Reduced glutathione (GSH), a major antioxidant and modulator of cell proliferation, is decreased in the bronchoalveolar lavage fluid (BALF) of cystic fibrosis (CF) patients. We previously have shown that GSH inhalation in CF patients significantly increased GSH levels in BALF and improved lung function (M. Griese et al., 2004, Am. J. Respir. Crit. Care Med. 169, 822–828). GSH depletion in vitro enhances susceptibility to oxidative stress, increases inflammatory cytokine release, and impairs T cell responses. We therefore hypothesized that an increase in GSH in BALF reduces oxidative stress, decreases inflammation, and modulates T cell responses in lungs of CF patients. BALF from 17 CF patients (median FEV1 67% (43–105%) of predicted) was assessed before and after GSH inhalation for total protein, markers of oxidative stress (8-isoprostane, myeloperoxidase, and ascorbic and uric acid), pattern of protein oxidation, prostaglandin E 2 (PGE 2), and proinflammatory cytokines. BALF cells were differentiated using cytospin slides, and lymphocytes were further analyzed by flow cytometry. Inhalation of GSH decreased BALF levels of PGE 2 and increased CD4 + and CD8 + lymphocytes in BALF significantly but had no effect on markers of oxidative stress.

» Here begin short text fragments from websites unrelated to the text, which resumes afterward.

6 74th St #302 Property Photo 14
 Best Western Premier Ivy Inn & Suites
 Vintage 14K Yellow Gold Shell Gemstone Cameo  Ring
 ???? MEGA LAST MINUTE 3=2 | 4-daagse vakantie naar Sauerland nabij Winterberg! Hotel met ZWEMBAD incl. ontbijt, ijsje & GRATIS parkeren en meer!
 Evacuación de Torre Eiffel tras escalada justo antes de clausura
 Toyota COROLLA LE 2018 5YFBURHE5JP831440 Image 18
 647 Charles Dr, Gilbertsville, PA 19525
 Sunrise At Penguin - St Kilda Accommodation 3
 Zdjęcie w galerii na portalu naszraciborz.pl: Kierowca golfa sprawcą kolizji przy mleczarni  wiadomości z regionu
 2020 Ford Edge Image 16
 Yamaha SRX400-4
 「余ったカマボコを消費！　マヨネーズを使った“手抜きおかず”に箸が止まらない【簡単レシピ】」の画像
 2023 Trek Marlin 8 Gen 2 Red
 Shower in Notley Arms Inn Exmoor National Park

BALF lymphocytes correlated positively with lung function, whereas levels of PGE 2 showed an inverse correlation. The patients with the greatest improvement in lung function after GSH treatment also had the largest decline in PGE 2 levels. We conclude that GSH inhalation in CF patients increases lymphocytes and suppresses PGE 2 in the bronchoalveolar space. Thus, GSH primarily affected the pulmonary immune response rather than the oxidative status in CF patients. The effect of GSH inhalation on PGE 2 levels and lymphocytes in CF warrants further investigation.